Why businesses should embrace the experience economy
The term “experience economy” has been popping up quite often lately, but very few people truly understand what it is, why it matters, or how it can improve both individuals and organizations. New and improved technology is not the only change occurring in America. Priorities and goals are changing, as well. For businesses to remain competitive and relevant, they will need to embrace these changes — one of which is the experience economy.
What is this experience economy all about?
Due to the Great Depression and other hard economical times, collecting and material possessions became a very big priority. As many families suffered from extremely impoverished conditions in previous days, many individuals began shopping, and often hoarding away, material possession — some due to fear and others due to a vow to never suffer that much again.
This attitude has been passed down over a few generations, but the younger generations are starting to let that fear go and begin, instead, to truly enjoy life.
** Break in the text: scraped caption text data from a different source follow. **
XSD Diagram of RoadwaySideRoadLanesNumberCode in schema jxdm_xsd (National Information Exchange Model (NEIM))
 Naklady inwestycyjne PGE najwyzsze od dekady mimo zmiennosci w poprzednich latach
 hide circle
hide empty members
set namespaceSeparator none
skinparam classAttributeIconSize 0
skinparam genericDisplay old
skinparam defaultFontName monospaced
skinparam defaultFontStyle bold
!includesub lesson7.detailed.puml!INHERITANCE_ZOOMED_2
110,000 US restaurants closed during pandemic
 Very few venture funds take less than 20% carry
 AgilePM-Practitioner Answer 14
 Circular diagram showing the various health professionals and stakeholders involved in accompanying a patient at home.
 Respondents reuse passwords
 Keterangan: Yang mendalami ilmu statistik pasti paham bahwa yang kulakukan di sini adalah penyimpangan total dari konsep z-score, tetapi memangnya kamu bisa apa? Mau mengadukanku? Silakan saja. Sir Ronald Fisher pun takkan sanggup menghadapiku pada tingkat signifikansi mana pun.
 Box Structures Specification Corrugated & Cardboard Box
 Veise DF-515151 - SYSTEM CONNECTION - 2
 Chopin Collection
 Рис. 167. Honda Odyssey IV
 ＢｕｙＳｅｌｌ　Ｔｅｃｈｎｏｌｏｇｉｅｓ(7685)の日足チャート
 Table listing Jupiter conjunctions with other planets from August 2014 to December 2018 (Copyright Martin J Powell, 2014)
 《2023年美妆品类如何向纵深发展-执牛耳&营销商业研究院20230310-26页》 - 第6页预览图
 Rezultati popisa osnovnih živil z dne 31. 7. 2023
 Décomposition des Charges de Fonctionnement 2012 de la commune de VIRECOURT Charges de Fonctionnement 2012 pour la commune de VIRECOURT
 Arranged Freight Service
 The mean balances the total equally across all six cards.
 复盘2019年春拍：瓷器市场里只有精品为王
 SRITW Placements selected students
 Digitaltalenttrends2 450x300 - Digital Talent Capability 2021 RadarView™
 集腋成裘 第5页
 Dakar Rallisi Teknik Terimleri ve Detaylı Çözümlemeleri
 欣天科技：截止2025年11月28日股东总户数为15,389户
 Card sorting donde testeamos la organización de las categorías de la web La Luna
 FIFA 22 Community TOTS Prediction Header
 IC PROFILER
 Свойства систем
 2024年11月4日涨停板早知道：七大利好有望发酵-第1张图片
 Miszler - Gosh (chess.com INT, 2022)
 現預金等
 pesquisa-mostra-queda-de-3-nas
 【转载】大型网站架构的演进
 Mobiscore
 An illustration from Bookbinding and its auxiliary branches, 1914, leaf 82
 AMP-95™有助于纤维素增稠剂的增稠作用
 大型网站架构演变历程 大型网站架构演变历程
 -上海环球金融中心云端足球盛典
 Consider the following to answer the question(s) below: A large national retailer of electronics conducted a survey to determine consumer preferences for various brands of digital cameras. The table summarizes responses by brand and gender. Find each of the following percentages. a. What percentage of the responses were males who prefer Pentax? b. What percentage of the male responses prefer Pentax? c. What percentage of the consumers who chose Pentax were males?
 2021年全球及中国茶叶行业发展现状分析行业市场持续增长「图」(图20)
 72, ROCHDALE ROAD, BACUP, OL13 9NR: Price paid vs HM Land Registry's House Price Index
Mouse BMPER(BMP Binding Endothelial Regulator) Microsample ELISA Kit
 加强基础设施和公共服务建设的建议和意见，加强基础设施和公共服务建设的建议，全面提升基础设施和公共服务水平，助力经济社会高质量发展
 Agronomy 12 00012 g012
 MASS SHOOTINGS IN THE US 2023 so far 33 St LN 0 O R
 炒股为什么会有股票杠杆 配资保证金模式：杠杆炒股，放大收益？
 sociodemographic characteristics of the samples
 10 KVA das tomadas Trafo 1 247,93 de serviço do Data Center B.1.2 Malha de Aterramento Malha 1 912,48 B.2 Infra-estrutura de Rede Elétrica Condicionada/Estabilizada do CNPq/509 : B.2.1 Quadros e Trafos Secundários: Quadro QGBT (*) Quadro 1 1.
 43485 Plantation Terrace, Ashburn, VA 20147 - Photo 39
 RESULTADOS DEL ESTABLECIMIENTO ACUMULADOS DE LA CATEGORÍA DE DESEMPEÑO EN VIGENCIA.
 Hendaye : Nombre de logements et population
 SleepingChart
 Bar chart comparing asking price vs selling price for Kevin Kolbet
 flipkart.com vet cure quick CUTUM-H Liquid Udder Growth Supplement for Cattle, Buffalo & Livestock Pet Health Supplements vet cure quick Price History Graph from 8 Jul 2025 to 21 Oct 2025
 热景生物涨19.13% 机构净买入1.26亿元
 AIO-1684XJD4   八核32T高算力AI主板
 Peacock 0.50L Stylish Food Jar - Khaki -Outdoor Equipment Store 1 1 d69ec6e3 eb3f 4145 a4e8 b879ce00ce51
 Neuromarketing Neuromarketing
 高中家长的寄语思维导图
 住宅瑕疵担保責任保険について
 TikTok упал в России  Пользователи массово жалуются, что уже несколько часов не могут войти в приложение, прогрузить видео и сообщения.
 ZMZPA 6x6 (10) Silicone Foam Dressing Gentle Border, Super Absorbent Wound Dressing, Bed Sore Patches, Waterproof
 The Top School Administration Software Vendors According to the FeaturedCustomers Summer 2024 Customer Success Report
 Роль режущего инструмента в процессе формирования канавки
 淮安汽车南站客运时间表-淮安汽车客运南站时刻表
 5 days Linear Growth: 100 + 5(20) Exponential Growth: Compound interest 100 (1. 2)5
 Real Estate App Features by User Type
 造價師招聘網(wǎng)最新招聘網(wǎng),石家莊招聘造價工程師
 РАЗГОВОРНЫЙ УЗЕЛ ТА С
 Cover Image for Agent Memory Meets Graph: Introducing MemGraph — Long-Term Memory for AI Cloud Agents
For years now, people have been intentionally shifting to a more minimalistic lifestyle than ever before. The younger generations have started putting more emphasis on experiences and feelings rather than material possessions. This is not a surprise as most material items are not really something that we want in the first place. Instead, we want the emotions and feelings that those items will provide for us.
For instance, money itself is not what most people chase. It is actually the freedom that having that money provides. Many of those who reach the financial state they desire find themselves unhappy. This is because though they may have that money, they have to work away much of their freedom to do so. Along these same lines, consumers have realized that having experiences and creating memories are more valuable than any material possession could ever be. As such, consumers are now paying for experiences as opposed to goods.
The changes this inspires in businesses
Between 2014 and 2016, there was a 6.3% increase in spending on experience related services. As such, businesses are beginning to spend more on creating experience than increasing the goods being available. A great example of a business deeply involved in the experience economy is Airbnb. Upon the realization that traveling is more comfortable in a home-like setting than a hotel setting, they found a way to provide these homey settings to travelers. Now, many other businesses, including industry giants such as Walmart, are working on creating better experiences for consumers.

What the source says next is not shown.